Datasets may contain duplicate records that often must be removed before data mining can begin. For example, the same individual may appear multiple times in a dataset with different addresses. The Distinct node finds or removes duplicate records in a dataset. The Distinct node, located in the Record Ops palette, checks for duplicate records and identifies the cases that appear more than once in a file so they can be reviewed and/or removed.
A duplicate case is defined by having identical data values on one or more fields that are specified. Any number or combination of fields may be used to specify a duplicate:
- Place a Distinct node from the Record Ops palette onto the canvas.
- Connect the Sort node to the Distinct node.
- Edit the Distinct node.
The Distinct node can be a bit tricky to use; this is why we will run this node a couple of times, and hopefully in this way its options will become well-defined. The Mode option controls how the Distinct node is used. To remove duplicates in a dataset, the Mode should be set to Include only the first record in each group; in this way, the first time a record is identified it will pass, however subsequent encounters will be removed. To identify duplicates, set the mode to Discard only the first record in each group; this option removes the record the first time it is identified, however subsequent encounters will be kept, and in this way the duplicates will be identified. The Create a composite record for each group option provides a way to aggregate non-numeric fields which you can specify on the Composite tab to create composite records.
In this example, we will use the Distinct node to identify all the duplicate cases in a data file. The fields that provide the basis for identification of duplicates are selected in the Key fields for grouping box.
- Place all the fields in the Key fields for grouping: box (by using all of the fields, we are looking for cases that are exact duplicates in all of the fields).
- Make sure Mode: Discard only the first record in each group is selected:
- Click OK to return to the stream canvas.

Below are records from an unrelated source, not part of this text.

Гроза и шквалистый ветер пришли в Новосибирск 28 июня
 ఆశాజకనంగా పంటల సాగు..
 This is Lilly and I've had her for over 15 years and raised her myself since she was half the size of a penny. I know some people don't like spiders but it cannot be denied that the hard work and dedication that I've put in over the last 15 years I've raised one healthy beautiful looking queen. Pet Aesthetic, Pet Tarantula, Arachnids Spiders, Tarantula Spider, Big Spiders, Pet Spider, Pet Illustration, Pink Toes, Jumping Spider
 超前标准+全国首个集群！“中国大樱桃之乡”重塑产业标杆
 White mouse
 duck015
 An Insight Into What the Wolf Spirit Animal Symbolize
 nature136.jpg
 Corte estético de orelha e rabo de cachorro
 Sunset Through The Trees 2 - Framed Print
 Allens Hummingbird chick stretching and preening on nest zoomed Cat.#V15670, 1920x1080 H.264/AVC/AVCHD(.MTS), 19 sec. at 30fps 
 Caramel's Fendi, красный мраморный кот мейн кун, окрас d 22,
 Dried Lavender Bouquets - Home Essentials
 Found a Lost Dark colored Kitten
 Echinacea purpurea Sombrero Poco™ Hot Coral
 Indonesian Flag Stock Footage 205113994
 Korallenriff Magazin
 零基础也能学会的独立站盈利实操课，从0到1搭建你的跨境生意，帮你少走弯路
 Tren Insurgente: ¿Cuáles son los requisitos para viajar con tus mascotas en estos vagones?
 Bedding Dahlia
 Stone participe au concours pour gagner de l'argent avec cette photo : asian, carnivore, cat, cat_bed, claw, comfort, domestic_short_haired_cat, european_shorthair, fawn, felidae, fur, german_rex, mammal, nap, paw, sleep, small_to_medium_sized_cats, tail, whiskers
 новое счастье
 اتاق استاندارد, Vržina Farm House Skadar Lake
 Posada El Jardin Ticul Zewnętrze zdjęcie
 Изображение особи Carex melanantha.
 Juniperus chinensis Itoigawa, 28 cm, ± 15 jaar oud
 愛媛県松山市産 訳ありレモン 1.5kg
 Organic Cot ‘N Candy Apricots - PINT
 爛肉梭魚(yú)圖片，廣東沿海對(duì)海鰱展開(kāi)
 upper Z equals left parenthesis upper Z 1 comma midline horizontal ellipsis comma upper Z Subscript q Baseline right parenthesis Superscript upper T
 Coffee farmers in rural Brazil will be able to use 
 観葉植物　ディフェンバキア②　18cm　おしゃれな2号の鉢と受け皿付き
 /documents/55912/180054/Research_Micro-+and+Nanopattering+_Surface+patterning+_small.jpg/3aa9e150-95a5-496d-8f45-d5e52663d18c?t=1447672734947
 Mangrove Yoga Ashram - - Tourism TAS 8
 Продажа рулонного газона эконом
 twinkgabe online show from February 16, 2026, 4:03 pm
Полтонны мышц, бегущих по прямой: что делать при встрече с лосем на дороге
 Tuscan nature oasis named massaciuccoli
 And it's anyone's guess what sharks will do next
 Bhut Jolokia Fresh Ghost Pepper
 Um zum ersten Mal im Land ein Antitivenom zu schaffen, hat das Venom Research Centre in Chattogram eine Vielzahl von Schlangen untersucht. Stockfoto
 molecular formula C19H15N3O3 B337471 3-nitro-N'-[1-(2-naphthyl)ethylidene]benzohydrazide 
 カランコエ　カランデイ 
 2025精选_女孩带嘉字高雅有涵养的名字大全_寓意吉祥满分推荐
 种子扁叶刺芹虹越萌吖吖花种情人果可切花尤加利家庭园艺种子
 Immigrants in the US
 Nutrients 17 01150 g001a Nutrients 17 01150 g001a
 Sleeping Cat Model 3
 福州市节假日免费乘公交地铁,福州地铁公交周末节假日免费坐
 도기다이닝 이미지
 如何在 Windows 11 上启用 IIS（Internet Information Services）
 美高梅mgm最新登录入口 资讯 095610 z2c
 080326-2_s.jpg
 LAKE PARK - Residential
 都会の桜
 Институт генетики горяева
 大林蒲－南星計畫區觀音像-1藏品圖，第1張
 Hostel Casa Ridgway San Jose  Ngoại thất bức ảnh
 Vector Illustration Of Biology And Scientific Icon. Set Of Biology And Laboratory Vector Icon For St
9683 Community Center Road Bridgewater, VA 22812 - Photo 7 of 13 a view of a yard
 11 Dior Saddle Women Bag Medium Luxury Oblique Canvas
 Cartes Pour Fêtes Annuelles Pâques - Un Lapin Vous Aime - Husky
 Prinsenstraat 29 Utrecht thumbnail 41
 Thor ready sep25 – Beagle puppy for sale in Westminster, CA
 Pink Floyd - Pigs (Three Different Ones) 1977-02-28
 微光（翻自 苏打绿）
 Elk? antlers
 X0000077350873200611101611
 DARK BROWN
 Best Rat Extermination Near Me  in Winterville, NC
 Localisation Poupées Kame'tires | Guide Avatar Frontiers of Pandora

- Connect the Distinct node to a Table node.
- Run the Table node:
There is only one case in the data file that is an exact duplicate. We will now remove this case:
- Edit the Distinct node.
- Select Include only the first record in each group for the Mode:
We will now remove the exact duplicate that was found previously in the data file:
- Click OK.
- Run the Table node.
Notice that we have one fewer record in the data file since we have now removed the duplicate case.